Editor's note: Former world No.1 and seven-time Grand Slam champion Mats Wilander is writing exclusively for Yahoo! Sports throughout the U.S. Open. The 1988 U.S. Open champ breaks down who's hot and who's not, offering his thoughts courtesy of Lacoste.
It is great to see the smile back on the face of Novak Djokovic but there are still a lot of questions he has to answer if he is going to be grinning at the end of this weekend.
Djokovic's victory over Fernando Verdasco on Wednesday put him into the semifinals of the U.S. Open for the third straight year, yet rarely has there been less confidence in the Serb's ability to progress further.
Serious doubts remain about the world No. 3 in terms of his mentality and, just as important, his fitness.
He does look stronger than he was a year ago, but we must remember that this is a player who has withdrawn three times from matches in his Grand Slam career.
As a player who never retired from a match in my life I find it pretty hard to understand how someone can get into that position in such big tournaments.
For the last couple of years Djokovic has looked unhappy.

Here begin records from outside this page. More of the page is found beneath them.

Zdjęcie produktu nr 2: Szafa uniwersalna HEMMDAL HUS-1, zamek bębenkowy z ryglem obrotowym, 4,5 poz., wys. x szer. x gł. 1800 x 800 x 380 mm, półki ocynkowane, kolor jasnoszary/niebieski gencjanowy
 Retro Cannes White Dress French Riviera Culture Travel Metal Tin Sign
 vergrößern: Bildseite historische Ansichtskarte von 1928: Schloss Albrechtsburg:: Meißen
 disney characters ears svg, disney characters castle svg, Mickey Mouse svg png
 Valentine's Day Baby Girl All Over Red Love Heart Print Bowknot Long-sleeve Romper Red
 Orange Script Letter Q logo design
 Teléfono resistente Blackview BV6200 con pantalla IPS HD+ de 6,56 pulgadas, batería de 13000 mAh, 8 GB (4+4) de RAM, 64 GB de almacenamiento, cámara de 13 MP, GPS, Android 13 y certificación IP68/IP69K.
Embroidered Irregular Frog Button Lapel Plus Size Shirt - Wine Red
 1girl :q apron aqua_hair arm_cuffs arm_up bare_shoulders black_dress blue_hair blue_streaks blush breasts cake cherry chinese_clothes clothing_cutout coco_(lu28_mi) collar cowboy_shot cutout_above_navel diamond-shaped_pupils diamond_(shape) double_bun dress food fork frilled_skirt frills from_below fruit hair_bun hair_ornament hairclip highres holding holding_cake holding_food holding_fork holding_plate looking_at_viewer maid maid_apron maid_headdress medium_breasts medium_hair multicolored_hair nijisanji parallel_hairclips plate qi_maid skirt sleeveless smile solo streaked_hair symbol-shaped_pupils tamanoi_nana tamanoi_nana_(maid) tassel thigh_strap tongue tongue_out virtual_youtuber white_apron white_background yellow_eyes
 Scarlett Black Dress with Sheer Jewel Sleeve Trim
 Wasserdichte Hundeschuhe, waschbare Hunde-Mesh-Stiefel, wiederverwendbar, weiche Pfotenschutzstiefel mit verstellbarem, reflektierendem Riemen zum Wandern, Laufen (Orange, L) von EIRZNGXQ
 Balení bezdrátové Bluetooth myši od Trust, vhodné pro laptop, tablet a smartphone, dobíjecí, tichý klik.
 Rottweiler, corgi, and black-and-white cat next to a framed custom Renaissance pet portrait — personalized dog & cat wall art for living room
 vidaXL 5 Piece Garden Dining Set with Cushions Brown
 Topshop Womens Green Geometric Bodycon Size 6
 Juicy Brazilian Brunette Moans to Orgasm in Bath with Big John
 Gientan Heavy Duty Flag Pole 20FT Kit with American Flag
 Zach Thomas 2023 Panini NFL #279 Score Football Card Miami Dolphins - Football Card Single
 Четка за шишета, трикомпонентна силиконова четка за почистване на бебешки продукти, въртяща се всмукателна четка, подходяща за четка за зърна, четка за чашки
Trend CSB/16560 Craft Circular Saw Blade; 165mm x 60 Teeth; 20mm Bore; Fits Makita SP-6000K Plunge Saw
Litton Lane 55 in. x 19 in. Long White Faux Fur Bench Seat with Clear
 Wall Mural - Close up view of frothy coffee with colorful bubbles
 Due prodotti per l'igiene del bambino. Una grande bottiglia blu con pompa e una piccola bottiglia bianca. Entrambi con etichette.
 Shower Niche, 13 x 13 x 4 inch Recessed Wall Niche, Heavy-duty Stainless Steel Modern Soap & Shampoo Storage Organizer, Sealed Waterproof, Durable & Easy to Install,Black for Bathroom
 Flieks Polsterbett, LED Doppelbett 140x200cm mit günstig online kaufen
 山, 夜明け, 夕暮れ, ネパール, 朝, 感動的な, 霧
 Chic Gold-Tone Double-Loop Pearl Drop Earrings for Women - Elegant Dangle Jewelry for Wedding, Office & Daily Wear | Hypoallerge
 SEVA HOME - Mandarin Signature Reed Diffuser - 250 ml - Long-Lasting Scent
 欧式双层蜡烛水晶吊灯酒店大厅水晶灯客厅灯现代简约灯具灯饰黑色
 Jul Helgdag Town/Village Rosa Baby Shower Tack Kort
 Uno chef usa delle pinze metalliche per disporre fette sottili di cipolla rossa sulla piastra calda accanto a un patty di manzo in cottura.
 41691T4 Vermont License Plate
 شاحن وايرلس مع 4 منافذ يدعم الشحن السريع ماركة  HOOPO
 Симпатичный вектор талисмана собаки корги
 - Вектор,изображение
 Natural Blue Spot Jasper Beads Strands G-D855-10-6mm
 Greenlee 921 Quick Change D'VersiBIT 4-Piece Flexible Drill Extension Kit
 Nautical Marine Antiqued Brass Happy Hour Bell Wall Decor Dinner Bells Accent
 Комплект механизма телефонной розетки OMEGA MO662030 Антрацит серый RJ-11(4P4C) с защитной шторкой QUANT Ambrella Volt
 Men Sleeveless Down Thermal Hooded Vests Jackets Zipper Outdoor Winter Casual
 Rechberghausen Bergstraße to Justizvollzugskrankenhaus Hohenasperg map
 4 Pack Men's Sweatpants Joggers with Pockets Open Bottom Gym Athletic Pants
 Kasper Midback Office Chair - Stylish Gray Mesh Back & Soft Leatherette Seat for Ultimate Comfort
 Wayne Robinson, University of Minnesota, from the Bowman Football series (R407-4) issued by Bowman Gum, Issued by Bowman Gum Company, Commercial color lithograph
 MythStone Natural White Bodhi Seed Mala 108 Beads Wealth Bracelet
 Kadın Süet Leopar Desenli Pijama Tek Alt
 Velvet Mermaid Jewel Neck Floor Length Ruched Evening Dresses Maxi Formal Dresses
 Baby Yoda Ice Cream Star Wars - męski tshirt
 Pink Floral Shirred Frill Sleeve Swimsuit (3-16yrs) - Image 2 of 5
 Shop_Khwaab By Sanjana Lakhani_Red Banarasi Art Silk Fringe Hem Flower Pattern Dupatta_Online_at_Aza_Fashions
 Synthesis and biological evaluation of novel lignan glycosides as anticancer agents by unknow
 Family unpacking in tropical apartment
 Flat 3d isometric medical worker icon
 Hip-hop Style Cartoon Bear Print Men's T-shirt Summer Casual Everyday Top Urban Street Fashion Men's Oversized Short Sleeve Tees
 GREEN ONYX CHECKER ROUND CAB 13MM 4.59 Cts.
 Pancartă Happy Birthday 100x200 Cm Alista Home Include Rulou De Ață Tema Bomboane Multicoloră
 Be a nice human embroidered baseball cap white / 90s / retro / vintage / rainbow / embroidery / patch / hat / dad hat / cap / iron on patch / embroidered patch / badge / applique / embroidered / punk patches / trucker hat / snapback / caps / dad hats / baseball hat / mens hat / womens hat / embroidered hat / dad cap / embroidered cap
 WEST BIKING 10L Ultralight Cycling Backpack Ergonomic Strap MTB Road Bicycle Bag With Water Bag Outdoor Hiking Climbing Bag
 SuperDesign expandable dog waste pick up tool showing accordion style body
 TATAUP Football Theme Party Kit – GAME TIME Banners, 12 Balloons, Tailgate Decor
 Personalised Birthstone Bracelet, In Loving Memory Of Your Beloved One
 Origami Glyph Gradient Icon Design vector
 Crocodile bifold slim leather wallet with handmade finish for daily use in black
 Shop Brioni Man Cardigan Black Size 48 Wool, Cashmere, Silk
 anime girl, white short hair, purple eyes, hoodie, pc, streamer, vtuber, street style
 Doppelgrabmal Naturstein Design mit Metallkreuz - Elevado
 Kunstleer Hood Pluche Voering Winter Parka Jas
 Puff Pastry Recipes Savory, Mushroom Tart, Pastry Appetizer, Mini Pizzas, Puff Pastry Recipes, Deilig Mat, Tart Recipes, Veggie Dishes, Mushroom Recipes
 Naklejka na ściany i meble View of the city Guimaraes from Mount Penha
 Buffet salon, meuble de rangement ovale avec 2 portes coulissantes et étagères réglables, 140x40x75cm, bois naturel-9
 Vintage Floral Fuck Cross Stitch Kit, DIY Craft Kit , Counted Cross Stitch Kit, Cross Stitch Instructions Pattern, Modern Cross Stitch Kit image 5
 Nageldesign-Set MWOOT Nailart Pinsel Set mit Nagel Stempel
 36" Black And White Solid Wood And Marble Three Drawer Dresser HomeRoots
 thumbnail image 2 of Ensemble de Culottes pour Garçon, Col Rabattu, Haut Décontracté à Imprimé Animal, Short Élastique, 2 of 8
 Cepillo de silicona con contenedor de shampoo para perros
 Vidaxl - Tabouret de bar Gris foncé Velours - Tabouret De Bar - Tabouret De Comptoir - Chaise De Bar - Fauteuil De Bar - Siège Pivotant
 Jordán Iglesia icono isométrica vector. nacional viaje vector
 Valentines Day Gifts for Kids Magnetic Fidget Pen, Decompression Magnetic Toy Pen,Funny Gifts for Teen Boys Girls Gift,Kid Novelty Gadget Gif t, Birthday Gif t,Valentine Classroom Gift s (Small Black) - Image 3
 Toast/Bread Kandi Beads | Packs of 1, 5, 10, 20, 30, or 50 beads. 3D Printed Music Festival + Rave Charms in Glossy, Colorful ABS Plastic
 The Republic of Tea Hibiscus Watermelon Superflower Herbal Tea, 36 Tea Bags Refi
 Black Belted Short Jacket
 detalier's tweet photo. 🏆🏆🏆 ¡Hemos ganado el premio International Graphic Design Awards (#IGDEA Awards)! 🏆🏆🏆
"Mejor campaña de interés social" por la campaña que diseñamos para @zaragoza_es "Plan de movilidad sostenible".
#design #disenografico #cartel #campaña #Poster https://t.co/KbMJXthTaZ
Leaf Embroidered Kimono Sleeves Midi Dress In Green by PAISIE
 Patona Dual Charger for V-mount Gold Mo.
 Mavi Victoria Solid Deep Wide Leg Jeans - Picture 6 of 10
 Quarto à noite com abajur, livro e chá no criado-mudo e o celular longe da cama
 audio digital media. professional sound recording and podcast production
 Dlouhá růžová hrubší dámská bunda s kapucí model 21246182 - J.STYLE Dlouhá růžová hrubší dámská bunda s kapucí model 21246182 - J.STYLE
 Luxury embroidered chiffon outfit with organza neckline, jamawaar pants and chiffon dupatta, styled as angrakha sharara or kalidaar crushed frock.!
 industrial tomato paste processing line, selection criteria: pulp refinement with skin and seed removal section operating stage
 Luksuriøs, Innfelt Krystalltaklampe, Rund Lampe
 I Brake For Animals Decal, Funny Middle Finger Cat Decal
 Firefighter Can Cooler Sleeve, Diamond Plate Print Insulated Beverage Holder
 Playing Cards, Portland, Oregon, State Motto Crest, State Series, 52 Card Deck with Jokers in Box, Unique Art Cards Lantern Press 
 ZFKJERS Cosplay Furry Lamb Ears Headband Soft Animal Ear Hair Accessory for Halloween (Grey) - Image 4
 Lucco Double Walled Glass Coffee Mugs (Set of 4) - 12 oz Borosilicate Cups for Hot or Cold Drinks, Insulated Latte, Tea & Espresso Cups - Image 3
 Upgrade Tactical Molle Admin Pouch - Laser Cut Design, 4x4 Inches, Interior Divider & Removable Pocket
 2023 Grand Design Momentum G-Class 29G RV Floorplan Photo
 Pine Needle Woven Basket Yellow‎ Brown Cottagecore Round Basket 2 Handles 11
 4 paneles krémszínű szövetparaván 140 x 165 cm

He stopped doing his impressions of other players and he got on the wrong side of the U.S. Open by being involved in a dispute with Andy Roddick last year.
He has beaten Federer at this stage of a major before, on his way to winning the Australian Open in 2008.
The problem is that Federer looks so strong just now and it is difficult to see any player other than Rafael Nadal challenging him over five sets.
Djokovic has a big-time game but will need to produce the match of his life if he is to go any further.